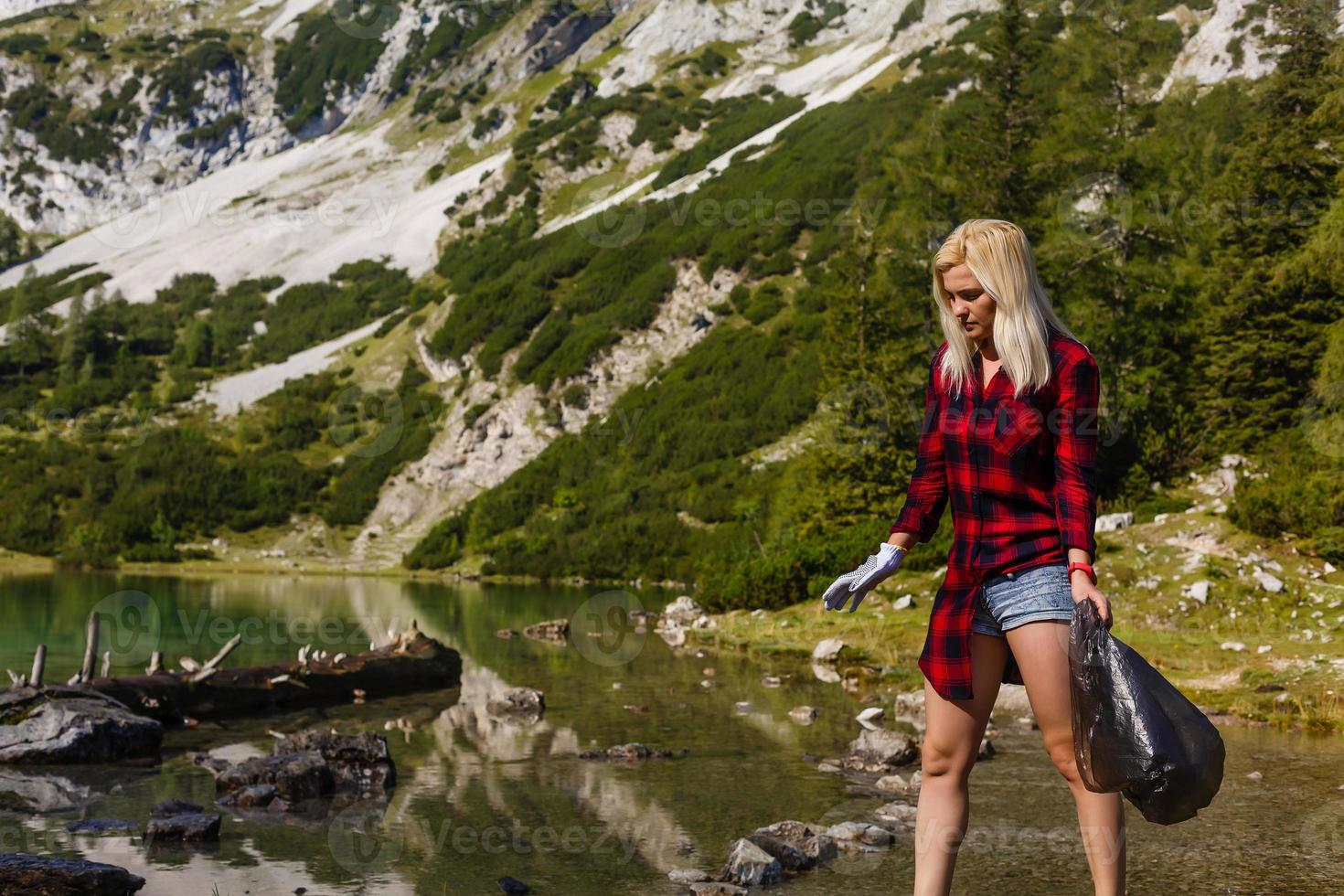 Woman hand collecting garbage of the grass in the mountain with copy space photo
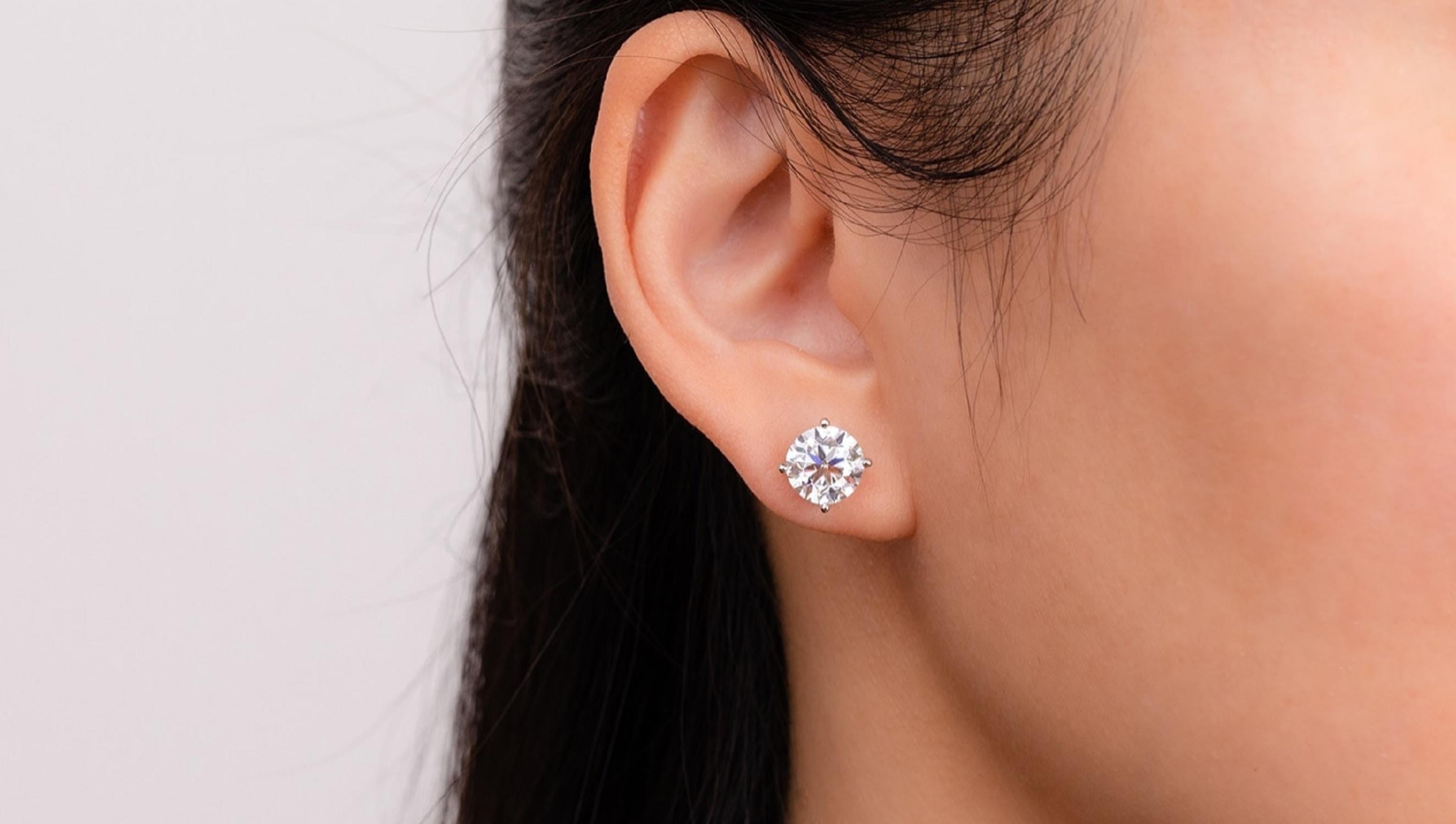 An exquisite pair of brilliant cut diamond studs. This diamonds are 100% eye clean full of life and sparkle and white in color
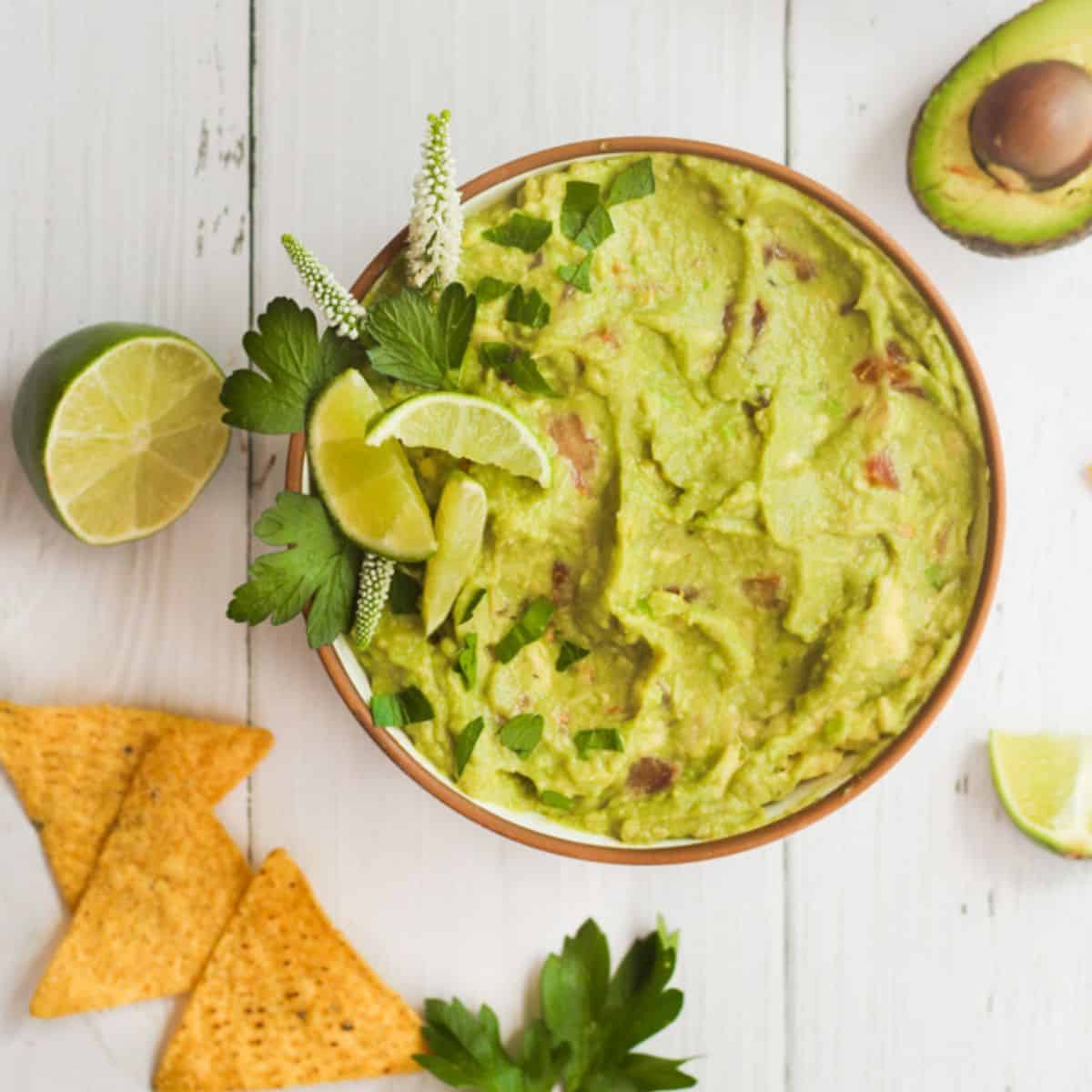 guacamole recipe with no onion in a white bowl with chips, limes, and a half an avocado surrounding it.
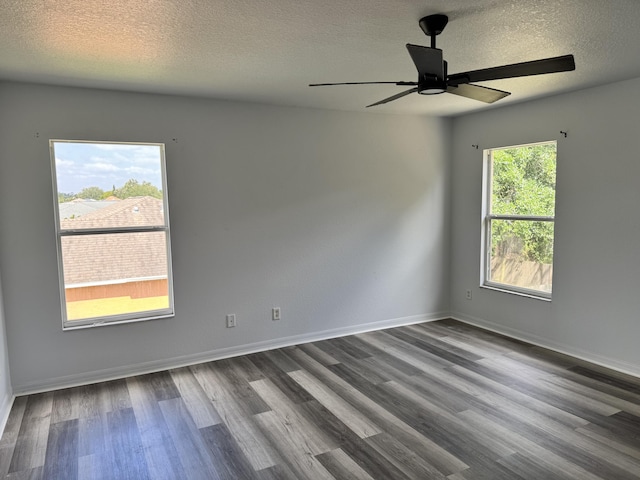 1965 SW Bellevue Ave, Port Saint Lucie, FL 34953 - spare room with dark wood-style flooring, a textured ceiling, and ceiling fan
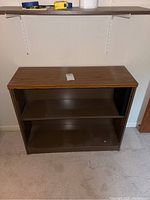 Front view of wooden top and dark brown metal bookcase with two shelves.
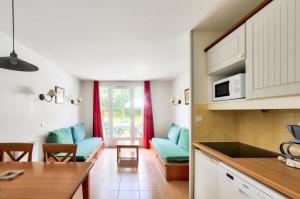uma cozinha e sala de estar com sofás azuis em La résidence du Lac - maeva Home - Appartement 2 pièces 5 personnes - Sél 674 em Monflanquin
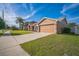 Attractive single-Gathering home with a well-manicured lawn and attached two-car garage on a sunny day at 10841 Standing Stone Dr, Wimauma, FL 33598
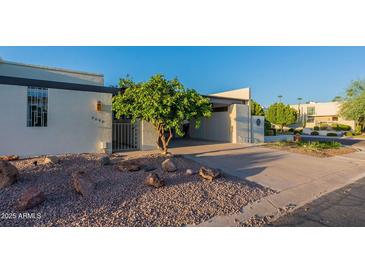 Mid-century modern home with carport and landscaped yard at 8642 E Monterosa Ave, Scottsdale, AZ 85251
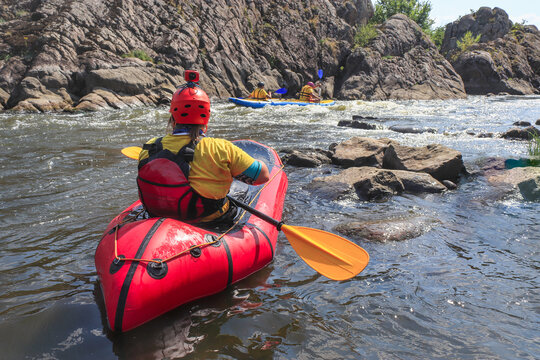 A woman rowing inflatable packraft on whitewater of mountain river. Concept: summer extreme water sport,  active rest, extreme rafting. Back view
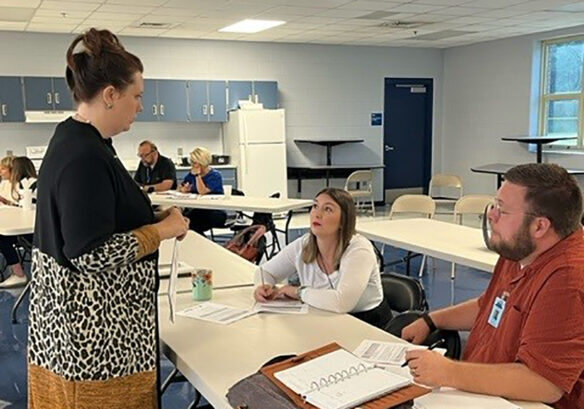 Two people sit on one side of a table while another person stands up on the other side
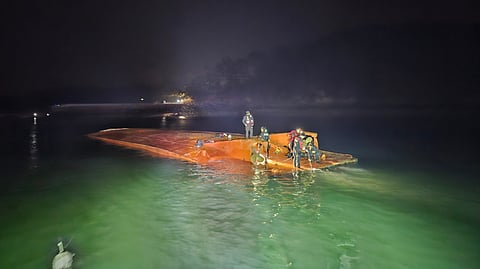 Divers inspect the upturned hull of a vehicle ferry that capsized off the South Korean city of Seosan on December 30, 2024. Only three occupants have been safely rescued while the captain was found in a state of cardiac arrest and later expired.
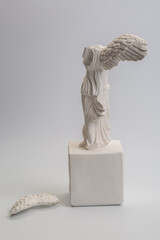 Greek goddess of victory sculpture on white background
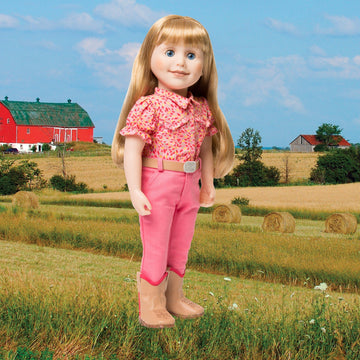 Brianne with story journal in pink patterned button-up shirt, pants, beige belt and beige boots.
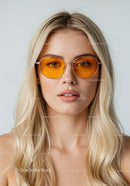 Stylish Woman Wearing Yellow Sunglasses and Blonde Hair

■ Assignment: When the line containing "Greek goddess of" has been located, retype it and each line after it through the end of the records, excluding the pictures and adding nothing else.

■ Solution:
 Greek goddess of victory sculpture on white background
 Brianne with story journal in pink patterned button-up shirt, pants, beige belt and beige boots.
 Stylish Woman Wearing Yellow Sunglasses and Blonde Hair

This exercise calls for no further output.